The Cameroon College Singers departed from the Douala International Airport by PanAm Air on September 1st arriving New York on September 2nd. The tour ended on November 26th with the choristers flying back home, sweet home, to arrive Douala on November 27th.

From: Claudia Fokam 
Sent: Tuesday, May 08, 2012 1:44 PM
Cc: Dolly Forbin
Subject: The cameroon college singers

The Cameroon College Singers was a choral group which consisted of students of Saker Baptist College (SBC), Victoria, an all girl’s college and Baptist Teachers’ Training College (BTTC), Soppo, Buea. We were accompanied by Rev. and Mrs. Henderson, Mrs. Ruth Witt, their daughter Karin and Rev. Lysonge, a Cameroon Baptist Convention (CBC) Pastor. 
This choir tour was organized by the then principal of SBC, Mr. Donald Witt sponsored by the North America Baptist Convention (NABC) of U.S.A. The mission of this choir was to carry out a three months Choir Tour in the U.S.A. and Canada to show case the work of the NABC missionaries in Cameroon and also for evangelism.

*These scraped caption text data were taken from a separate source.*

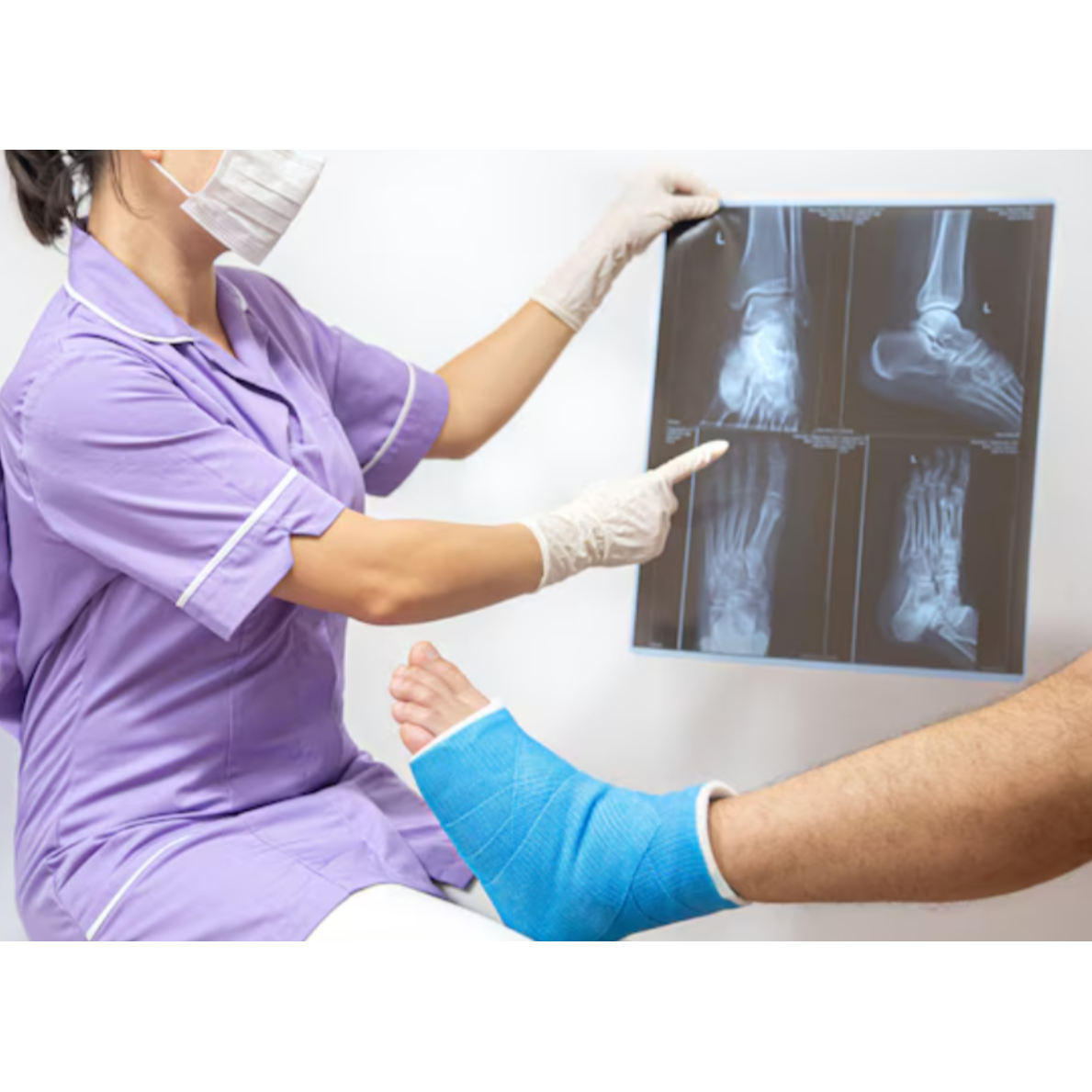 Best Fracture Management Surgery in Pimpri – Ay... main image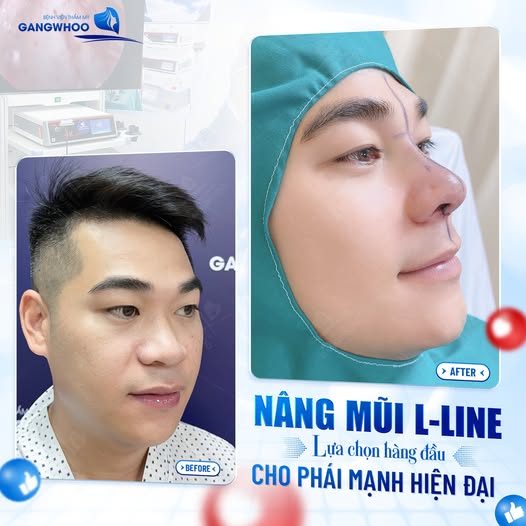 Review nâng mũi tại bệnh viện thẩm mỹ Gangwhoo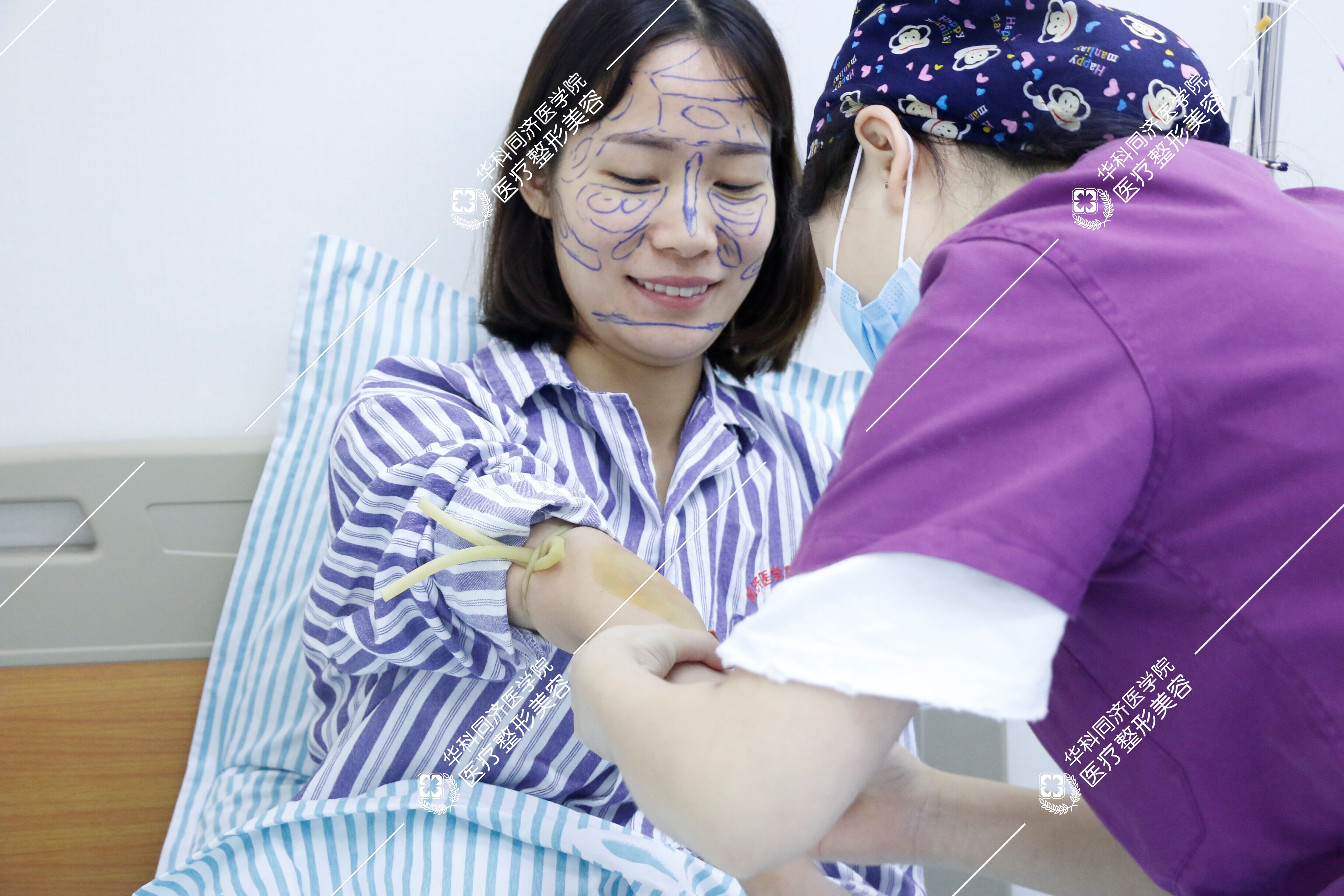 武汉同济医院做的自体脂肪面部填充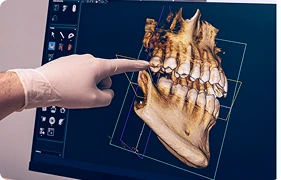 cbct 2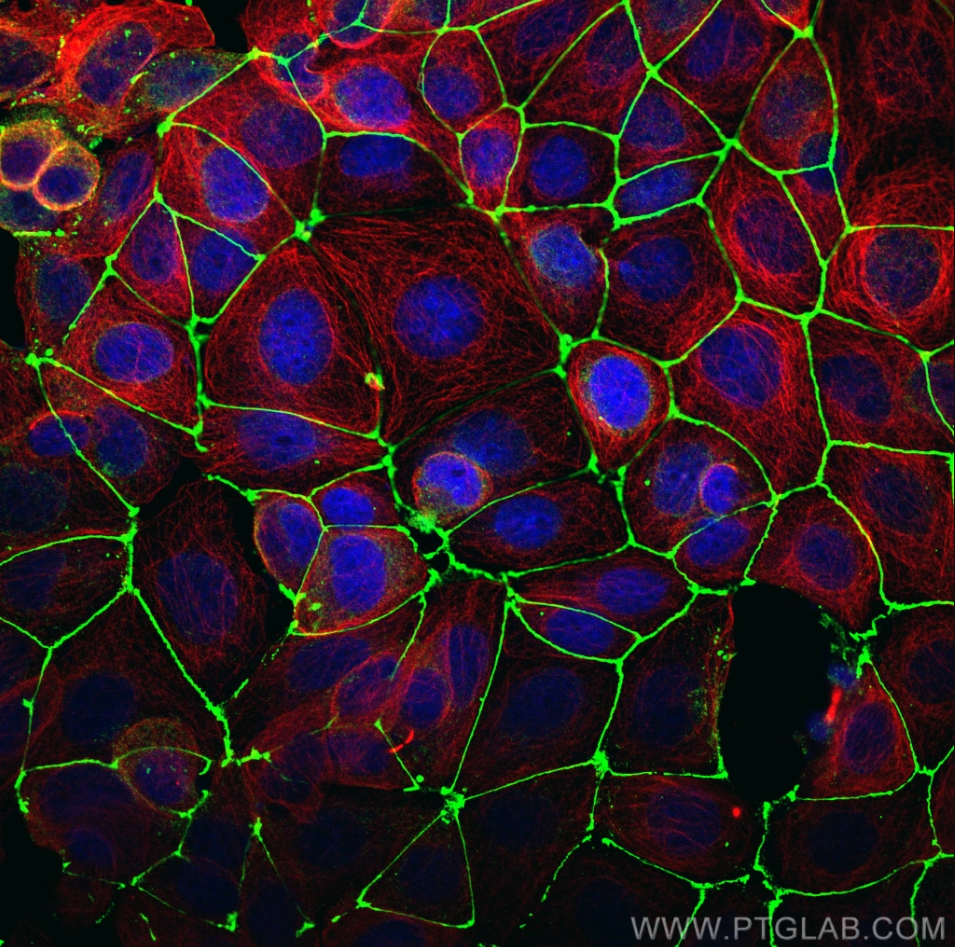 Immunofluorescence (IF) analysis of MCF-7 cells stained with rabbit anti-ZO1 polyclonal antibody (21773-1-AP, green) and mouse anti-Alpha Tubulin monoclonal antibody (66031-1-Ig, red). Multi-rAb CoraLite® Plus 488-Goat Anti-Rabbit Recombinant Secondary Antibody (H+L) (RGAR002, 1:500) and Multi-rAb CoraLite® Plus 594-Goat Anti-Mouse Recombinant Secondary Antibody (H+L) (RGAM004, 1:500) were used for detection.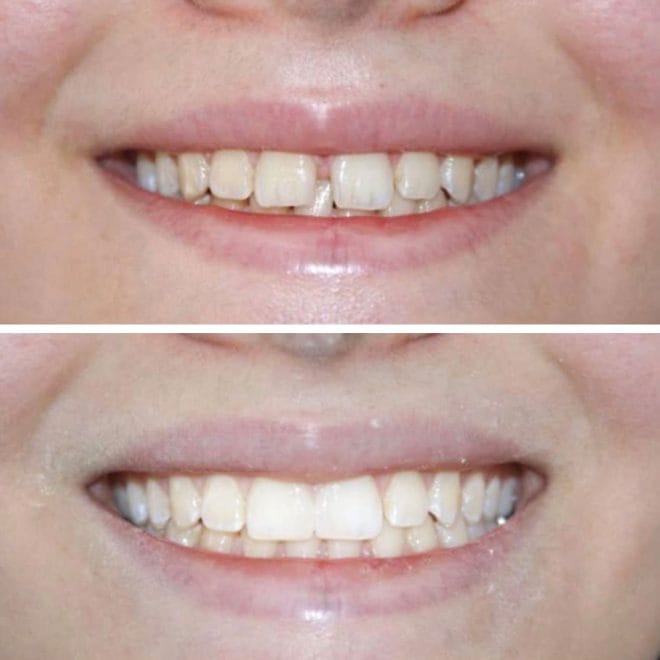 lara-smile-dental-before-after-32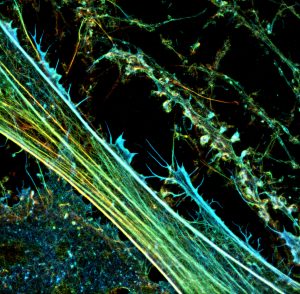 3D-STORM image of a neuronal culture labeled for actin (depth color-code)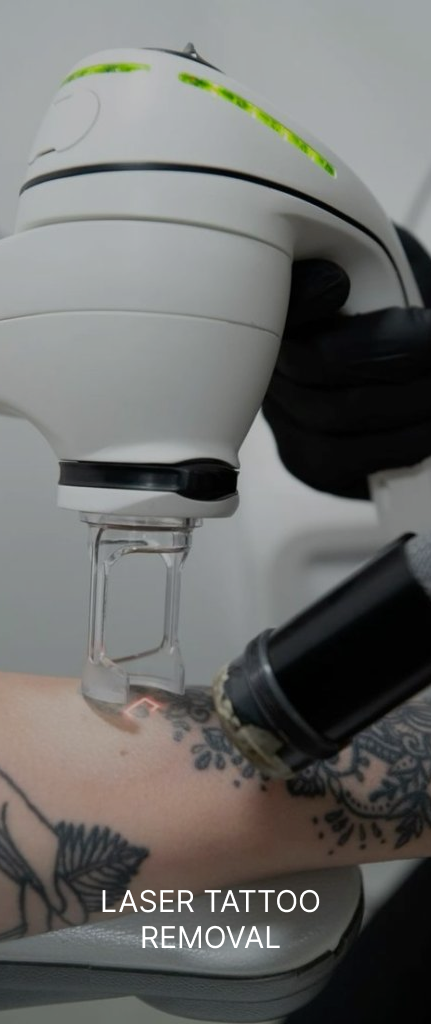 Laser tattoo removal procedure in a clinical setting, showcasing a handheld laser device targeting a tattoo on a person's arm.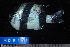  ( - NBE0188)  @13 [ ] No Rights Reserved  Unspecified Unspecified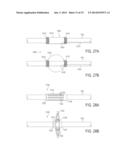 TISSUE-CAPTURED ANCHORS AND METHODS OF USE diagram and image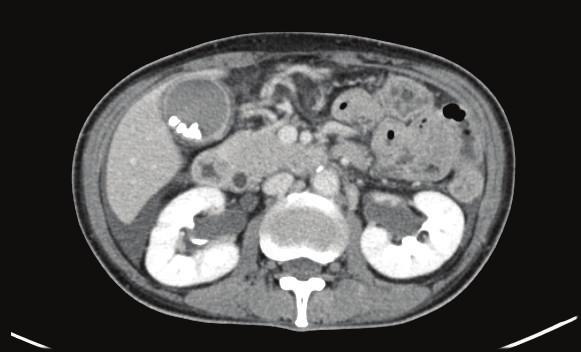 Case Reports in Medicine 3 (a) (b) (c) (d) (e) (f) (g) (h) Figure 1: Enhanced abdominal CT on admission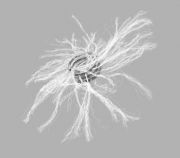 MReye Embolization Coil, Extended Embolus Length 4 cm, 1.59 Loops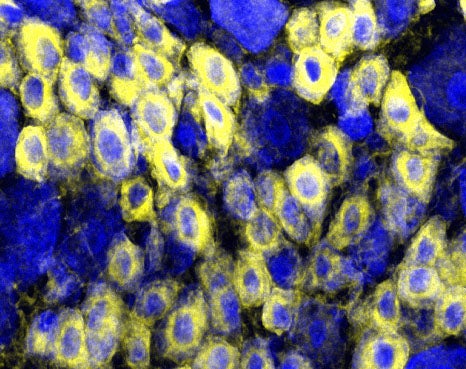 Prostatic acid phosphatase (PAP) on pain-sensing neurons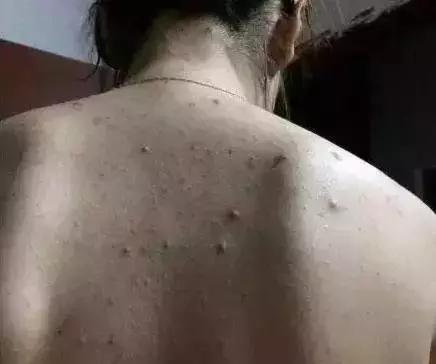 背后长很多小米粒该怎么办,背后长了很多的小米粒用什么药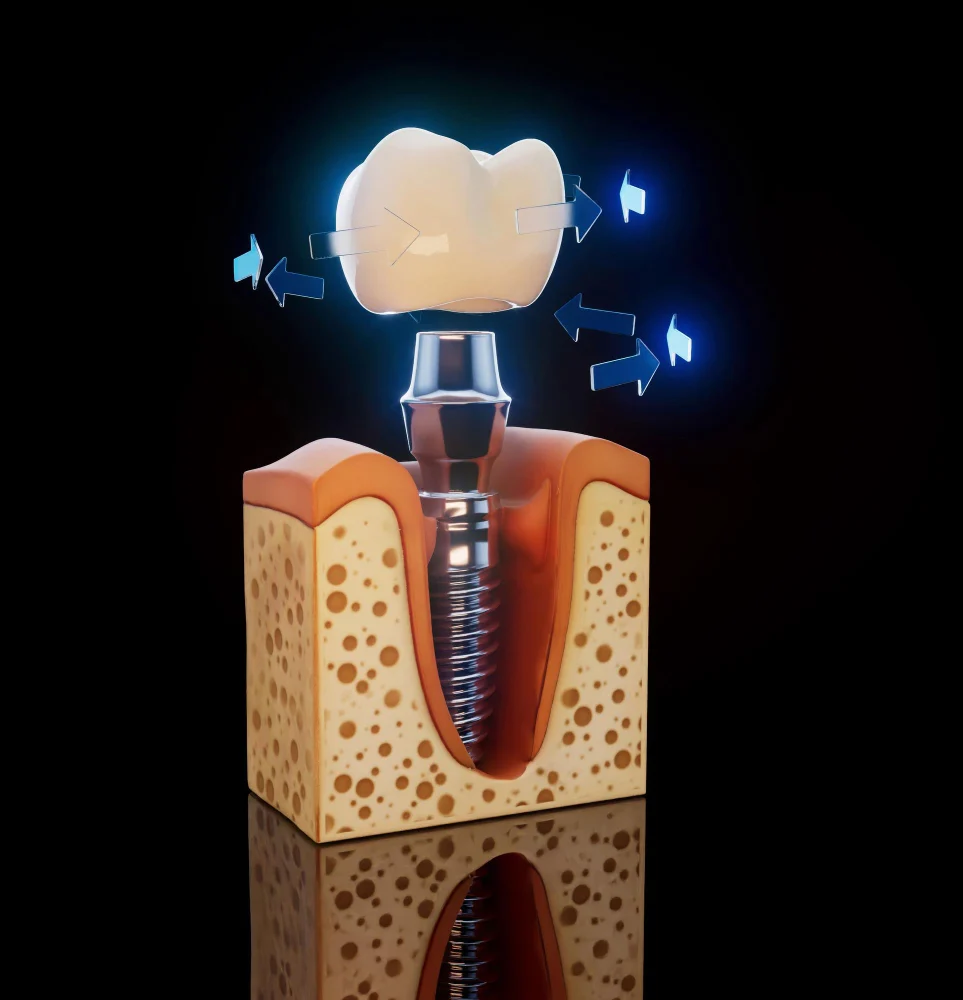 dental implants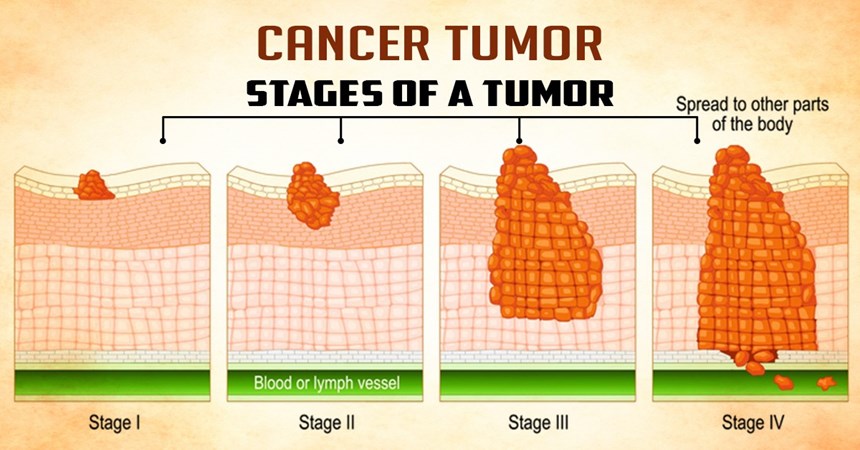Tumor Treatment without surgery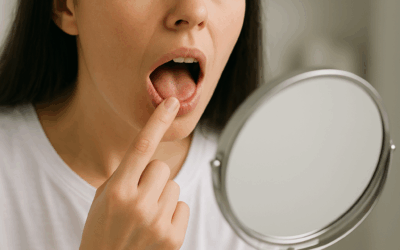 Oral Signs of Nutritional Deficiencies: What Your Mouth Says About Your Health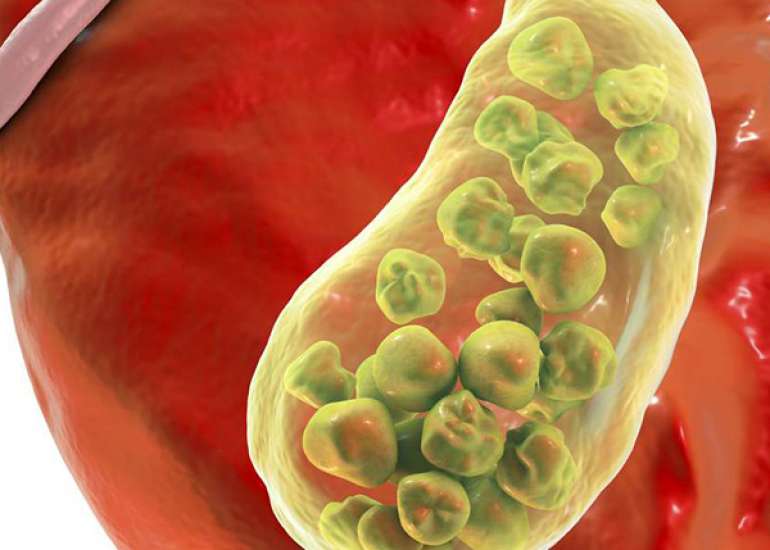 What can happen if gallstones are left untreated?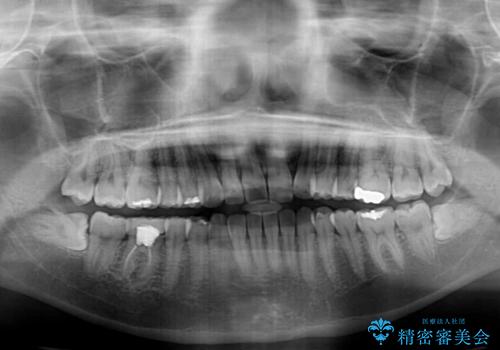 気になる上の歯を改善 インビザライン矯正の治療後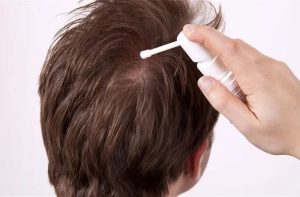 Aplicacion de minoxidil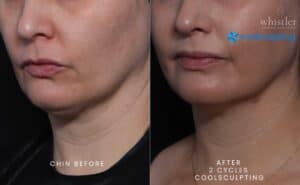 FEMALE-CHIN-2-CYCLES-CS-scaled-e1663702736657-300x185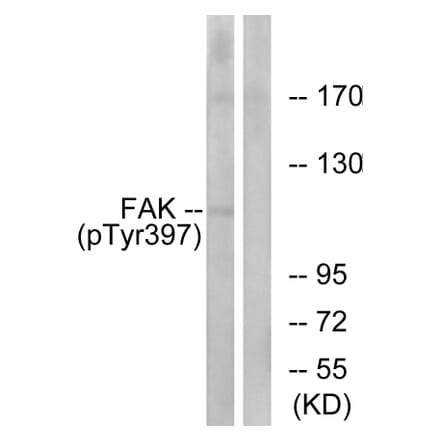 Western Blot - Anti-FAK (phospho Tyr397) Antibody (A7081) - Antibodies.com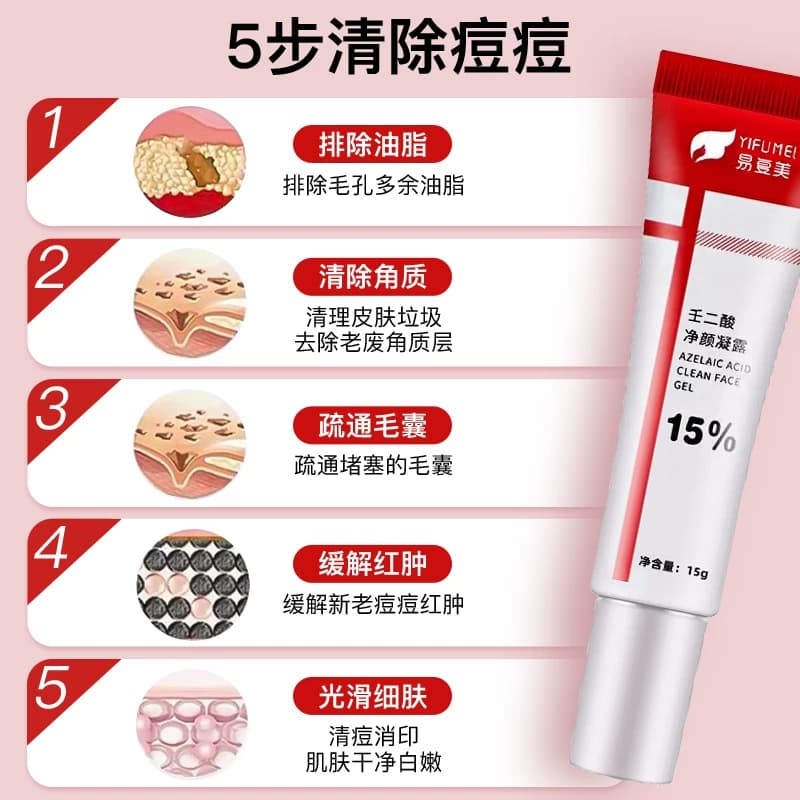 壬二酸凝胶15%去祛痘膏祛痘印淡化坑任水杨酸收缩毛孔非粉刺黑头 - 缩略图2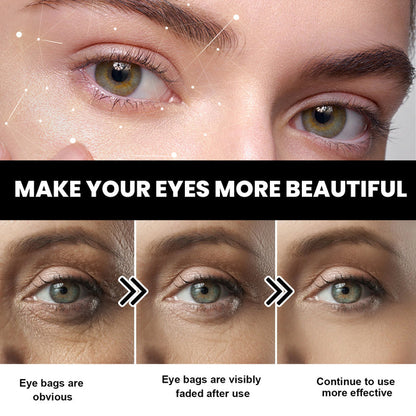 EELHOE Dark Circles Eye Cream – Fade Wrinkles, Eye Bags & Dark Circles EELHOE COSMETICS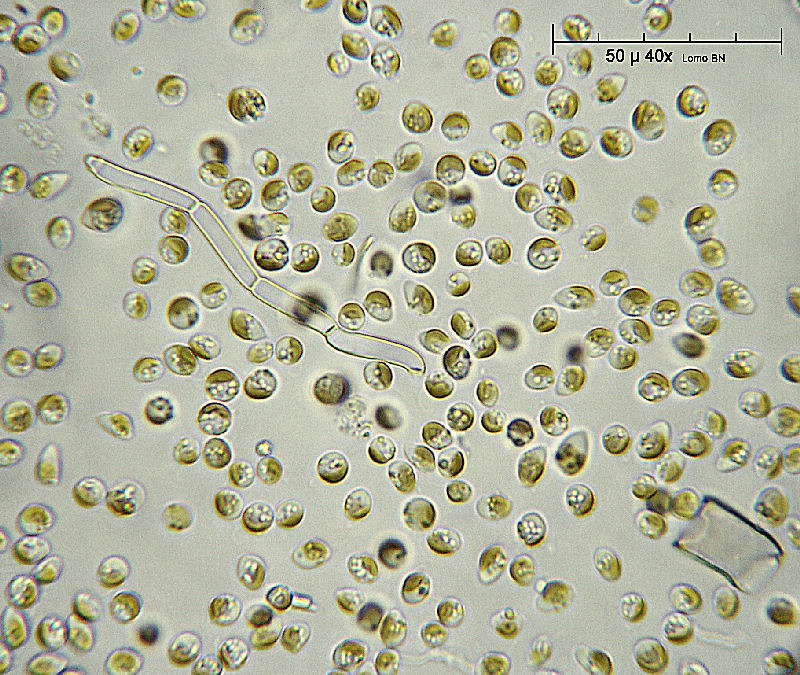 assembramento di flagellati  -  ( Chromulina sp. )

After tedious practices and voice auditioning the final selection for the choir was twenty choristers of eight men (including the directors) and twelve women. In 1969 the choir was ready for the choir tour of three months from 3rd September to 27th November. The tour began in New York and went across twenty states in America and five provinces in Canada. We sang and ministered in Baptist Churches of the NABC and also public places.

Our means of transportation was ‘Greyhound’ buses, taking us from place to place, driven by our good friend driver, Uncle Llyod, an American. It was full of fun and excitement. We thrilled the Christians of the NABC with the message of the Good News of Salvation in songs from a rich repertoire of songs in English, vernacular, and German. Most of the singing was conducted by our Choir Director Donald Witt and assisted by Miss Claudia Fokam now Mrs. Buma-kor.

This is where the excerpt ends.